• Available data:
========================
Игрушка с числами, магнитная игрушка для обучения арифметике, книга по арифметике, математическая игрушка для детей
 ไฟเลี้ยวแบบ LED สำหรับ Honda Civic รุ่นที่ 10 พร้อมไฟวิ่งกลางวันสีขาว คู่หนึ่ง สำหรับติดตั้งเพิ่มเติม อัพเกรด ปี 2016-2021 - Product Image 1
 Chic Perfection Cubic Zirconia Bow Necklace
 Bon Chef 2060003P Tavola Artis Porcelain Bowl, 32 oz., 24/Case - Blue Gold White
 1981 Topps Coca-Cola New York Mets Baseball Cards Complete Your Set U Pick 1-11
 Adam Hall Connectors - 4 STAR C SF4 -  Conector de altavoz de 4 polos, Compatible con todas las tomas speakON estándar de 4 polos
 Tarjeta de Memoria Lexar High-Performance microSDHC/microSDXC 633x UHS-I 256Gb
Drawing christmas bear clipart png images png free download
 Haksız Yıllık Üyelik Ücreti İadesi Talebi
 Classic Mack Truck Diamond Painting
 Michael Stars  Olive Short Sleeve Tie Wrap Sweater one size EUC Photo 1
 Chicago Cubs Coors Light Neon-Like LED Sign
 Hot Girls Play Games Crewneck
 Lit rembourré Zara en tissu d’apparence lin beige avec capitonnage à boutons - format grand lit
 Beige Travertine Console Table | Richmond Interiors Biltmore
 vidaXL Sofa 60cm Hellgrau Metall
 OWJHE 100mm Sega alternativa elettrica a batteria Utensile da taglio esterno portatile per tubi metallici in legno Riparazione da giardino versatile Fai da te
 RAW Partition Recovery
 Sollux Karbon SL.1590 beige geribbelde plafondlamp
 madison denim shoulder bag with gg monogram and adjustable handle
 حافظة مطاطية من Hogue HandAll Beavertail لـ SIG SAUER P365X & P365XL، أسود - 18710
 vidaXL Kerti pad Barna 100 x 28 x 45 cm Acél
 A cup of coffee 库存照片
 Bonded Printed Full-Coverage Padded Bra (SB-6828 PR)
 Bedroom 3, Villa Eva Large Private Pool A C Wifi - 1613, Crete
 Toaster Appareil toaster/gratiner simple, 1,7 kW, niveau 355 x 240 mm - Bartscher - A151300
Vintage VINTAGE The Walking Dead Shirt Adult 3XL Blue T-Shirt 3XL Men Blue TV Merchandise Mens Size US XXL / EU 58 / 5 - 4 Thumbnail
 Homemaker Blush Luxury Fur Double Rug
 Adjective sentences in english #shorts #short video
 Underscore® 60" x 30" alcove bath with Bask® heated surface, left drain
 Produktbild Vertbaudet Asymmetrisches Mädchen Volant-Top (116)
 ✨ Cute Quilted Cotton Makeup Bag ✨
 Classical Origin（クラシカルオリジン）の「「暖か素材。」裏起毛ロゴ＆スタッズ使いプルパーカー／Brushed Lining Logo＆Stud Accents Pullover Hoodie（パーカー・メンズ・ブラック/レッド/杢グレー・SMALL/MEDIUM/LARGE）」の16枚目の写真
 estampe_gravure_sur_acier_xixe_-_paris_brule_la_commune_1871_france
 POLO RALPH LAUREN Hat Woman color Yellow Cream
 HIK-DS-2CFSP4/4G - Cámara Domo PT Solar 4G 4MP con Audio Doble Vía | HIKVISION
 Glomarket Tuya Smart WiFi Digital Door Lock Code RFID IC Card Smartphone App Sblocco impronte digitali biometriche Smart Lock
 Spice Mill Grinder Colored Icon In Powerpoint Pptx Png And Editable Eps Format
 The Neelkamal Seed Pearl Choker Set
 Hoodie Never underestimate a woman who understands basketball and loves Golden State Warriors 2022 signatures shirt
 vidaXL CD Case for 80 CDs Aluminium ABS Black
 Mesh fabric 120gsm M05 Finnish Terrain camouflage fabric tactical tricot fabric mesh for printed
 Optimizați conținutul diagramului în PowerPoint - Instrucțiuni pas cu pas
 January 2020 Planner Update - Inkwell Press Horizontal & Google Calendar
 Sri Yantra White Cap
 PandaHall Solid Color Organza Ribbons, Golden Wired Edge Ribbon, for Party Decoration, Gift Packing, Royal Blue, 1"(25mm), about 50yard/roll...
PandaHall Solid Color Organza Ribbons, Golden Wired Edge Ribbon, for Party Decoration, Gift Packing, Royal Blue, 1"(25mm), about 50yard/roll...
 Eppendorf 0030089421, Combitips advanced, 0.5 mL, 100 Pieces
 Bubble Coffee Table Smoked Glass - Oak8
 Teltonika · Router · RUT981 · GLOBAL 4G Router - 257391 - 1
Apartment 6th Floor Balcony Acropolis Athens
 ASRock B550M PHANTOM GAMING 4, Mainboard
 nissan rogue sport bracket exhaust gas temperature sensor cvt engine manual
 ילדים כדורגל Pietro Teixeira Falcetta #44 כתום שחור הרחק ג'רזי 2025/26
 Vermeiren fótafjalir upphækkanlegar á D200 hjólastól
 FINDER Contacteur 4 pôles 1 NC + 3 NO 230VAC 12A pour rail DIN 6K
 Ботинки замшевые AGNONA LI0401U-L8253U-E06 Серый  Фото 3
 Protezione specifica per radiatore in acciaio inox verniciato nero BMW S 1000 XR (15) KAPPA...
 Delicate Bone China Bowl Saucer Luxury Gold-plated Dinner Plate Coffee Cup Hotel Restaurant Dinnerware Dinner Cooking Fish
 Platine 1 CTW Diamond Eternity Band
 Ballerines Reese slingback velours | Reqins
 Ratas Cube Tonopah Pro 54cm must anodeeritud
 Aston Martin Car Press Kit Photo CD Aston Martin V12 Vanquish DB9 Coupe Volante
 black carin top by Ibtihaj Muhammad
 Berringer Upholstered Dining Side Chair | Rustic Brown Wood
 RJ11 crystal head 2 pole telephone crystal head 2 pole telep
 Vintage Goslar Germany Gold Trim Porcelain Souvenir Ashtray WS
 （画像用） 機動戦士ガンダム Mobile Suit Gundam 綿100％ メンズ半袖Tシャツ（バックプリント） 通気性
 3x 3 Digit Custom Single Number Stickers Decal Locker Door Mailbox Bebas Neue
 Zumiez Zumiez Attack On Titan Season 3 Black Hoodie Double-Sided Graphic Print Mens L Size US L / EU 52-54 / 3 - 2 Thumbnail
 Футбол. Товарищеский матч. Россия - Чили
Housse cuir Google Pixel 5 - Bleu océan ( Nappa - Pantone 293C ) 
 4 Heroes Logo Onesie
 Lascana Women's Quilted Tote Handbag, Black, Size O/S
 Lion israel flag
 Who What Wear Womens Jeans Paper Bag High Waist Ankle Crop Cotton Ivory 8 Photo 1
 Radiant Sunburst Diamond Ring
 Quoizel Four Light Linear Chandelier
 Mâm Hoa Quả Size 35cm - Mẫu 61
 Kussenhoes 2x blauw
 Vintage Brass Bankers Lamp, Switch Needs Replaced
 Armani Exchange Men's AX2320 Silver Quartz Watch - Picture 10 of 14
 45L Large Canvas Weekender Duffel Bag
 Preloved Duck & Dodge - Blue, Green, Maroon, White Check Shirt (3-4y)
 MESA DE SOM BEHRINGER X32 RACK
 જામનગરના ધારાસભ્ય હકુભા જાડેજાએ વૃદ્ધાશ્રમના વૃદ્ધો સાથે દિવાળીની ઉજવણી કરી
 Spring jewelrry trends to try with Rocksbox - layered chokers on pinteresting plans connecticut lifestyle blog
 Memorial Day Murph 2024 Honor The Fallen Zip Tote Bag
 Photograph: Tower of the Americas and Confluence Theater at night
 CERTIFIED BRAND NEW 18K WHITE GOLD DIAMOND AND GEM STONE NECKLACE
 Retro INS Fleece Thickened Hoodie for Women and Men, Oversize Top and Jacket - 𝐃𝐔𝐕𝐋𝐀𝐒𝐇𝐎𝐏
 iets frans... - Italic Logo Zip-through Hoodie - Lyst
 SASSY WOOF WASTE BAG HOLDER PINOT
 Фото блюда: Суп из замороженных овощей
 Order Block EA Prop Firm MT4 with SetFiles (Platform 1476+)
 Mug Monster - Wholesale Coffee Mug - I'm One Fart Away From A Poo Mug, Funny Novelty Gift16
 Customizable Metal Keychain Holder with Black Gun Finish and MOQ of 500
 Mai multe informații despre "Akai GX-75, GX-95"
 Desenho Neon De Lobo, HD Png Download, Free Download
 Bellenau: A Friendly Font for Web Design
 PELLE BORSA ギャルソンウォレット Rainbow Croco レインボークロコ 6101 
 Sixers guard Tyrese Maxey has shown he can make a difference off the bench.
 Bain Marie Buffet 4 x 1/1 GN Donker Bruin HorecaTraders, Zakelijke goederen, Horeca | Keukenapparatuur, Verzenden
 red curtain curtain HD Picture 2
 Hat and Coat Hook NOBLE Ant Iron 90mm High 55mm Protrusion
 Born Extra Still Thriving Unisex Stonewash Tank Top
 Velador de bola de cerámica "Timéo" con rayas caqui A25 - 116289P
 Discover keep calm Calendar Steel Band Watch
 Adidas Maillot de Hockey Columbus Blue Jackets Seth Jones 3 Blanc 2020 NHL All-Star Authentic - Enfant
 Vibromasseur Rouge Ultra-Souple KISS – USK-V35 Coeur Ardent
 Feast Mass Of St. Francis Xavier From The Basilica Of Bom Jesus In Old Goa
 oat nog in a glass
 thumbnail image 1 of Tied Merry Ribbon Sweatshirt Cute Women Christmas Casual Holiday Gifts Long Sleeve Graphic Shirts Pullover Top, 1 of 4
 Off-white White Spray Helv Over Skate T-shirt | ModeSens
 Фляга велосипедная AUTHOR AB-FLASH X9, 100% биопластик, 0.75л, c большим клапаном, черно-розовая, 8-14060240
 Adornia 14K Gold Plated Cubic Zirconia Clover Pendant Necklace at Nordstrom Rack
========================
All lines from the one containing "Customizable Metal Keychain" to the end of the records are to be duplicated exactly, and no other lines are to be given.

 Customizable Metal Keychain Holder with Black Gun Finish and MOQ of 500
 Mai multe informații despre "Akai GX-75, GX-95"
 Desenho Neon De Lobo, HD Png Download, Free Download
 Bellenau: A Friendly Font for Web Design
 PELLE BORSA ギャルソンウォレット Rainbow Croco レインボークロコ 6101 
 Sixers guard Tyrese Maxey has shown he can make a difference off the bench.
 Bain Marie Buffet 4 x 1/1 GN Donker Bruin HorecaTraders, Zakelijke goederen, Horeca | Keukenapparatuur, Verzenden
 red curtain curtain HD Picture 2
 Hat and Coat Hook NOBLE Ant Iron 90mm High 55mm Protrusion
 Born Extra Still Thriving Unisex Stonewash Tank Top
 Velador de bola de cerámica "Timéo" con rayas caqui A25 - 116289P
 Discover keep calm Calendar Steel Band Watch
 Adidas Maillot de Hockey Columbus Blue Jackets Seth Jones 3 Blanc 2020 NHL All-Star Authentic - Enfant
 Vibromasseur Rouge Ultra-Souple KISS – USK-V35 Coeur Ardent
 Feast Mass Of St. Francis Xavier From The Basilica Of Bom Jesus In Old Goa
 oat nog in a glass
 thumbnail image 1 of Tied Merry Ribbon Sweatshirt Cute Women Christmas Casual Holiday Gifts Long Sleeve Graphic Shirts Pullover Top, 1 of 4
 Off-white White Spray Helv Over Skate T-shirt | ModeSens
 Фляга велосипедная AUTHOR AB-FLASH X9, 100% биопластик, 0.75л, c большим клапаном, черно-розовая, 8-14060240
 Adornia 14K Gold Plated Cubic Zirconia Clover Pendant Necklace at Nordstrom Rack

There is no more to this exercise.